DATA FOR ANALYSIS:
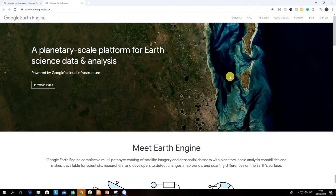Welcome students! In this video lecture I'm going to tell you how to sign up for Google Earth Engine, a planetary scale platform for earth science data and analysis.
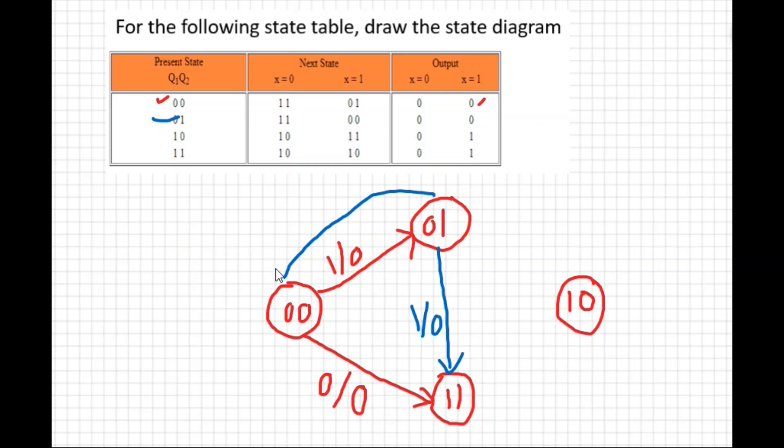For state 01 when x=1, it will go to state 00. Draw an arrow from 01 to 00, and the output is 0, so label it x=1 / output 0.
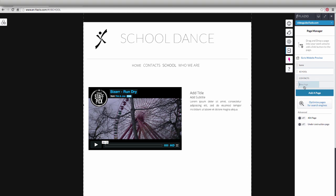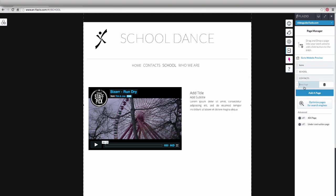By using the key Add Page, you can create a new page on your site, assigning it whatever name you want. By double-clicking on the box of the page, you can change the name.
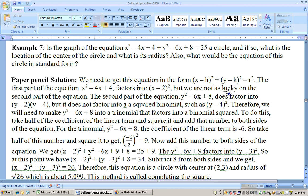To get the equation in standard form by hand, note that x squared minus 4x plus 4 factors nicely into x minus 2 squared. However, y squared minus 6y plus 8 does not factor into a binomial squared. So we must complete the square: take half the coefficient of the linear term — half of negative 6 is negative 3 — and square it to get 9. Add 9 to both sides of the equation.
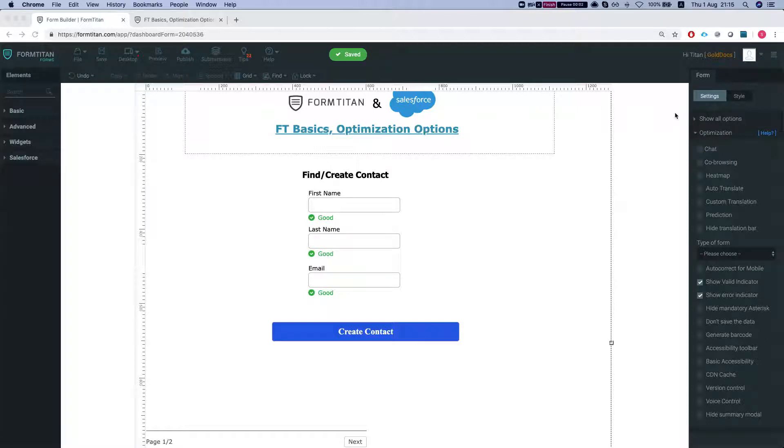Hey there Titans! Welcome to Form Titan Basics. In this video we'll talk about the optimization options and the hide mandatory asterisk.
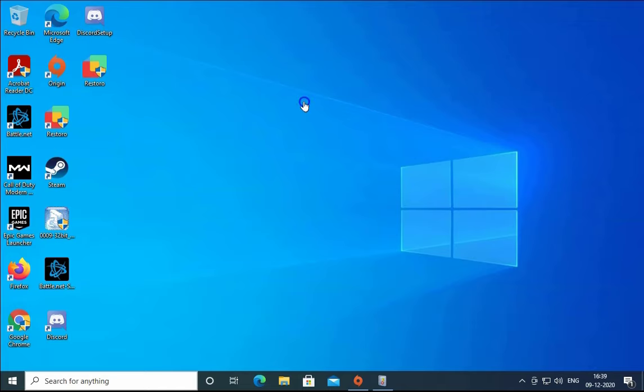Hello guys, this is Nilesh Kamri, and in this video we are going to see how to troubleshoot issues related to unexpected shutdown or sudden shutdown of a Windows 10 computer. So let's go ahead and start the troubleshooting.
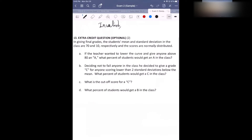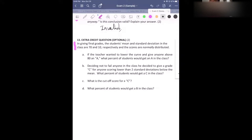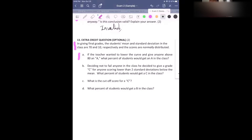Let's move on to number 13. I'm going to have someone read this part out loud for me. How about Alon, can you read this part out loud? In giving final grades, the students' mean and standard deviation in the class are 70 and 10 respectively, and the scores are normally distributed. Read part A also: if the teacher wanted to lower the curve and give anyone above 80 an A, what percent of students will get an A in the class? I'm going to give you guys a minute to think about how you're going to do part A.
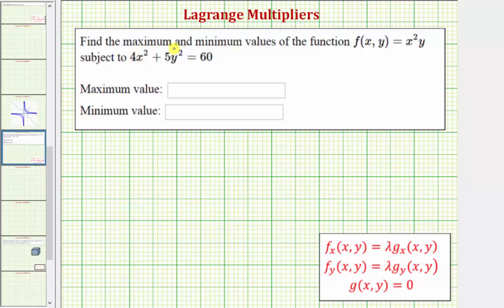We want to find the maximum and minimum values of the function f(x, y) subject to the constraint 4x² + 5y² = 60. We'll solve this using Lagrange multipliers and then look at the results graphically.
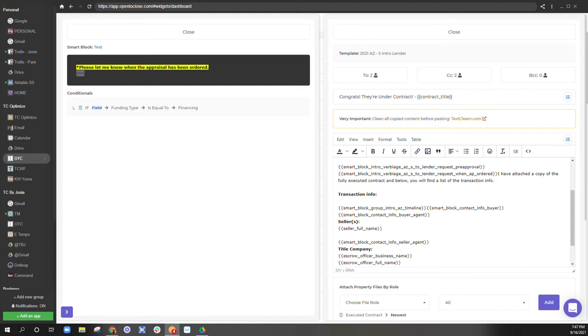And I would copy and paste that text to a smart block to then say, if is there a home warranty is equal to yes, bring in this verbiage.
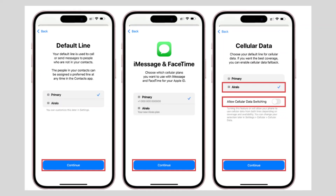You will see all the instructions — tap Continue after reading all of them. Tap Continue for each instruction given.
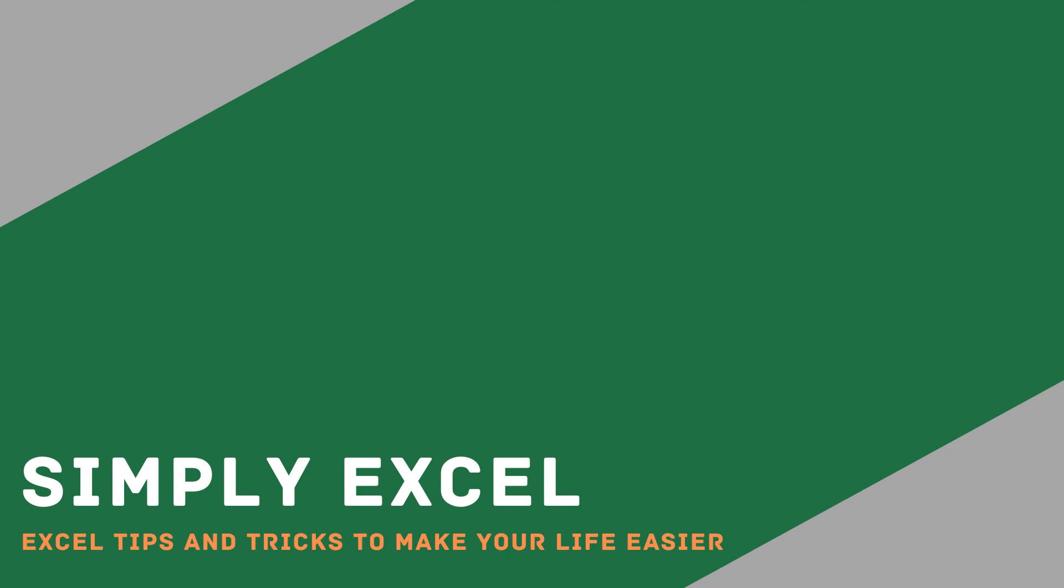If you found these tips useful please take a look at my video of 10 really useful shortcuts that will save you time when you're using Excel. And of course please subscribe to my channel for more Excel tips.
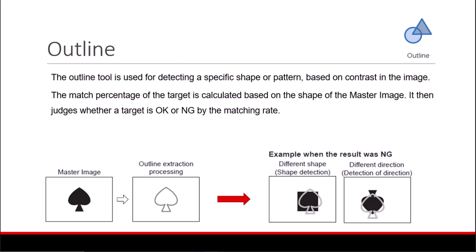The outline tool is used for detecting a specific shape or pattern based on contrast in the image. The match percentage of the target is calculated based on the shape of the master image. It then judges whether a target is okay or no good by the matching rate. Let's go through an example.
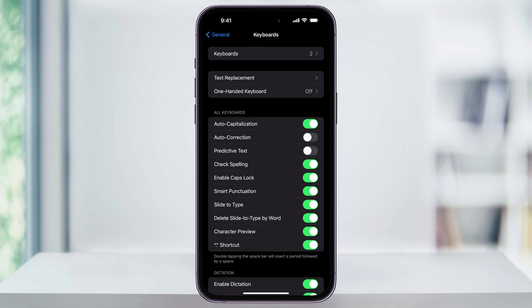With each iOS release that Apple does, it's worth turning these options back on to see how much better they've gotten, because over time, sometimes they do get better.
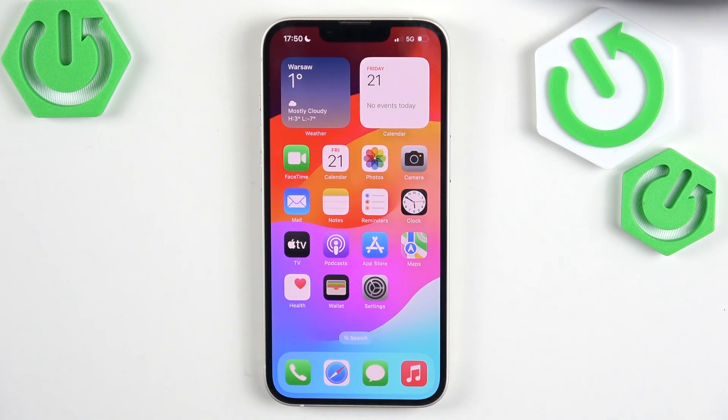Hello everyone! Welcome back to Hard Reset Info channel. In today's video I want to show you how you can easily record your screen on iPhone 16e.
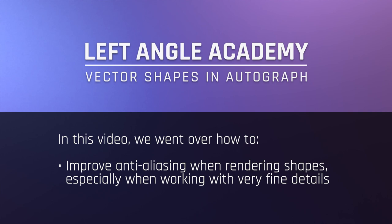In this video, we went over how to improve anti-aliasing when rendering shapes, especially when working with very fine details.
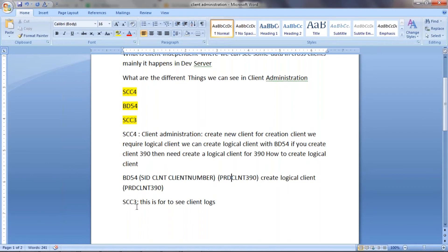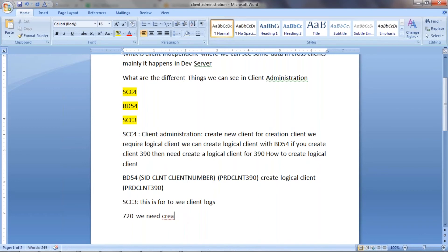SCC3 is used to see client logs. If you perform any activity on a client and want to see the logs, go to SCC3. Today we are going to create a client called 720, so we need to create a logical client for 720 first.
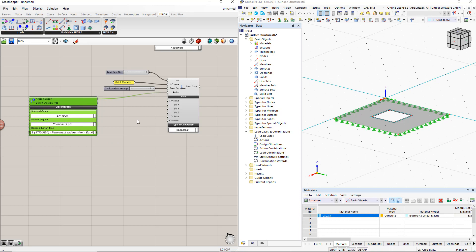To consider the self-weight in the load case, we insert the boolean toggle command and set it to true by double clicking it.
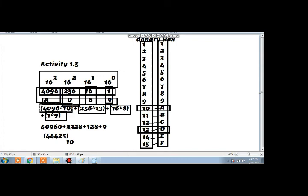You can see it over here. Now we will multiply all the values: 4096 into 10 is 40960. We will write all the answers and then add up all these values to get the denary equivalent of this hexadecimal number, which will have the base 10. So this is how to convert a hexadecimal number into a denary number. Thank you.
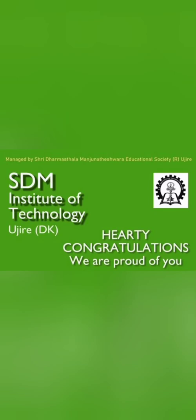Hello friends, good morning, good afternoon, good evening. This review is about SDM Institute of Technology, SDM IIT, based in Ujire in Dakshin Kannada district.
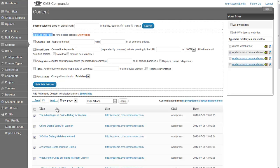Currently CMS Commander offers you five different bulk edit operations. The bottom three are relatively straightforward: they allow you to change the post status of the articles, add more tags, and add more categories or replace the current ones.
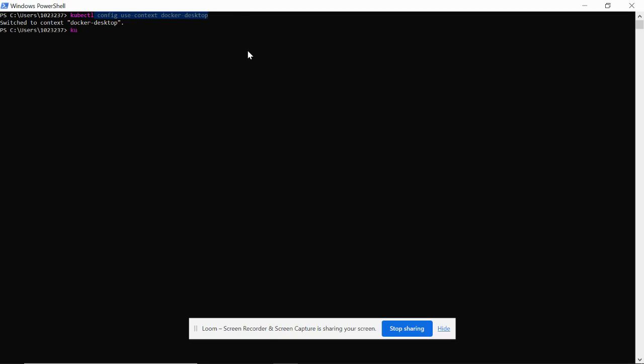You can just play around with kubectl and deploy your jobs and pods.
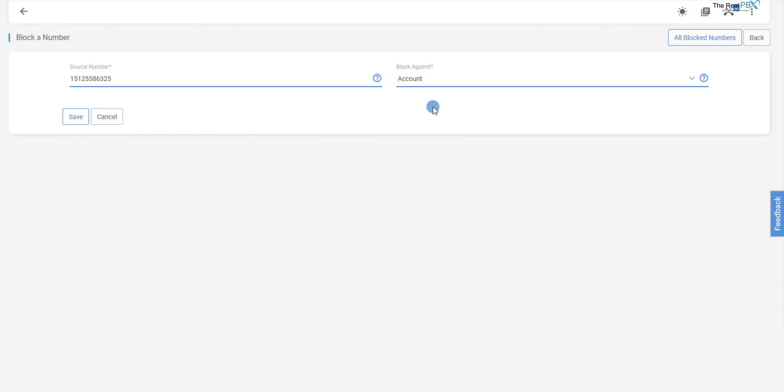Lastly, we need to add the number twice, once with the country code and once without the country code.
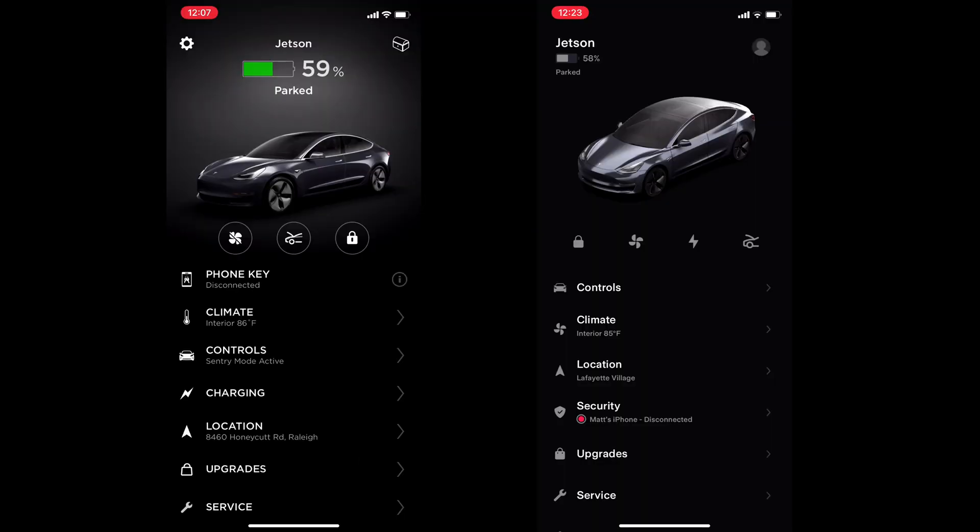And that wraps it up for my introduction to the iOS Tesla app version 4.0.0. If you have any questions or comments, please leave them below. Thanks for watching and I will see you in the next video.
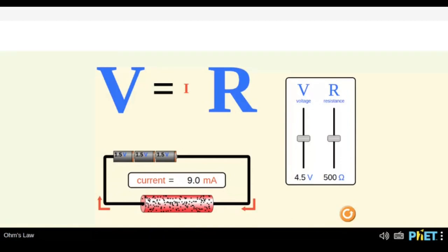Hello everyone. Today we'll be exploring Ohm's Law with the help of a PhET simulation. We have Jen, Ravi, Sarnava, and Kiran with us. Let's get into the session and explore Ohm's Law. As you can see, we are on the landing page of the Ohm's Law simulation, which is by PhET — we also call it PhET simulation.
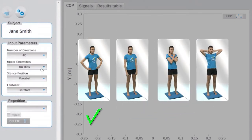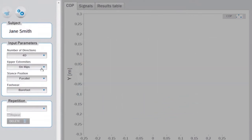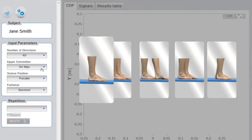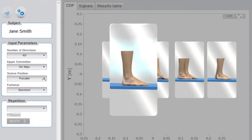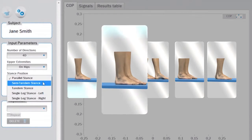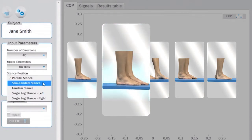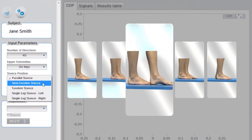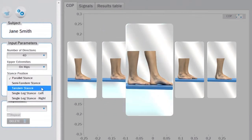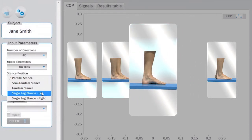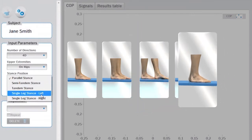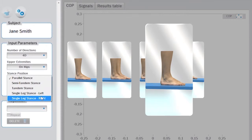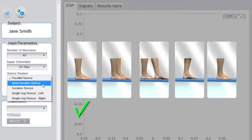Afterwards, determine the stance position, where you can choose among parallel stance, semi-tandem stance, tandem stance, single leg stance on the left leg, or single leg stance on the right leg.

WORK INSTRUCTION: Transcribe only these lines, exactly: the first line of the listing, every line after it, and the line with "For state 01", where the copy ends. Include no picture.

OUTPUT OF THE TASK:
Welcome students! In this video lecture I'm going to tell you how to sign up for Google Earth Engine, a planetary scale platform for earth science data and analysis.
For state 01 when x=1, it will go to state 00. Draw an arrow from 01 to 00, and the output is 0, so label it x=1 / output 0.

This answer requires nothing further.